How To Take Advantage of Investment Opportunities This Year

One quarter into 2023, and we’re still cursing the ripple effect of inflation that monopolized the conversation in 2022.

February 2023 saw a 6% increase in inflation of consumer prices from one year prior. This persistent inflation was met with attempts to make it stop by the Federal Reserve in raising interest rates by 75 basis points. It was raised not once, but three times last year – a speed not seen since the 1980s.

These increases became fodder for those worried about a recession and deterred banks from providing leveraged loans. The rate rises also posed a problem for happy investors who were taking advantage of the steadily falling interest rates of the previous two decades.

Investments, exits and fundraising all declined in 2022 in the wake of the omnipotent macroeconomic forces. Global buyout value, excluding add-ons, totaled $654 billion, down 35% from 2021. Overall deal count fell 10% to 2,318 transactions. In terms of value, 2022 was still the second-best performance historically, but it’s important to note that’s only due to the incredible momentum of the first half of the year.

This “pause” in deals, exits and fundraising has continued into 2023 and will likely persist until macro factors stabilize. Yet, as we explore in this year’s Global Private Equity Report, opportunity awaits firms that stay aggressive and focus on creating value from the inside out.

Challenges such as natural resource shortages, financial market instability and mounting inflation and recession risks will likely still be seen throughout the first half of 2023, or perhaps even after that.

Inflation hasn’t been this high or persistent in 40 years. Firms can do a lot to mitigate inflation’s impact, but, in many cases, it will come down to the blocking and tackling of taking market share and boosting top-line performance.

In analyzing previous recessions, it’s clear that companies have been able to outperform the competition by investing in R&D and pursuing mergers and acquisitions. Companies that are aggressive in making moves early on rather than retreating in fear are the most successful coming out of a recession.

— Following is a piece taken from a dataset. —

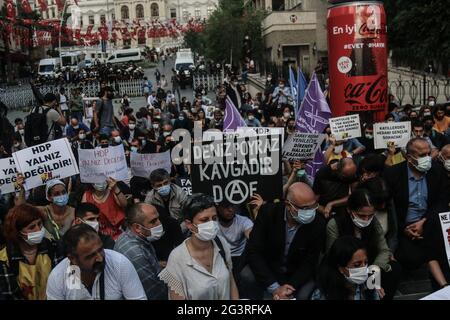 Istanbul, Turkey. 17th June, 2021. Protesters hold placards during a demonstration.People held a protest against Armed Attack on Peoples' Democratic Party Izmir Office, the armed attacker Onur Gencer, who came to the headquarters of the pro-Kurdish Peoples' Democratic Party in Izmir at around 11:00 am today, killed a 40-year-old employee Deniz Poyraz. In his first statement, the attacker said that he carried out the attack because he hated the Kurdistan Workers Party and that he planned to kill more people. Credit: SOPA Images Limited/Alamy Live News Stock Photo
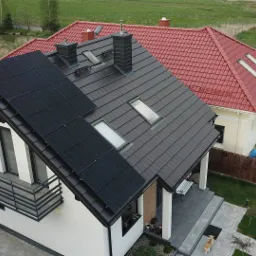 Widok z góry na dom jednorodzinny z panelami słonecznymi na dachu, czarna dachówka, balkon z metalową balustradą, obok dom z czerwoną dachówką, w tle łąka i staw.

In 2009, Samsung doubled-down on R&D investment, an area their competitors chose to make cutbacks in. They made a fourfold increase in patents filed in the U.S. and built four types of R&D centers that each had an individual product focus. They also continued to invest in marketing, hiring experienced leaders to help take them to the next level.

This initiative rebranded Samsung as innovative and shook up the market with the release of their first Galaxy smartphone in 2009. At the beginning of that recession, Samsung was ranked No. 21 in brand value among Interbrand’s global list, and now they rank No. 6.

Companies also find success in mergers and acquisitions. A Bain & Company report took data from approximately 24,000 M&A transactions that occurred from 1996 to 2006. They found that acquisitions during 2001 and 2002 produced close to triple the excess returns of deals completed in the years prior to the recession.

Meanwhile PwC’s analysis of acquisitions completed by public companies during the 2001 recession proved the timing of deals to be critical. Deals announced during the first half of the recession produced shareholder returns 10% higher than their respective industries a year on, compared to the average 7% shareholders saw six months after the recession had ended.

Bain & Company’s Sustained Value Creators analysis of 2009 found that of 3,900 companies worldwide, the number of U.S. companies that substantially increased profits was 47% higher during that downturn than during stable periods. And 89% more U.S. companies lost profitability in the last downturn than stable periods.

Private equity returns have come largely from multiple expansion in recent years, rather than from revenue and margin growth. But as higher rates continue to put downward pressure on asset prices, GPs will need to be smart about their approach.

That means returns will increasingly have to come from growth in earnings before interest, taxes, depreciation and amortization (EBITDA).

With private equity rounding out 2022 with a record $3.7 trillion in dry powder, GPs will look to make use of funds as soon as possible. Concerns from buyers, sellers and lenders will be on where GDP is headed and how much further the rate hikes have to go.

According to data from the last downturn, those who came out on top properly assessed their risk scenarios, created mitigation plans and set themselves up to accelerate out of the downturn. Not panicking proved crucial. And understanding that every industry is different.

Some are only affected by a few of the macro factors terrorizing the market.

Investments made through a downturn typically generate superior returns over time. In accounting for your particular relevant macro factors and varying scenarios, leaders can confidently find deals.

If you decide to slow down and be conservative, you risk missing out on opportunities that prove to be valuable once the dust settles.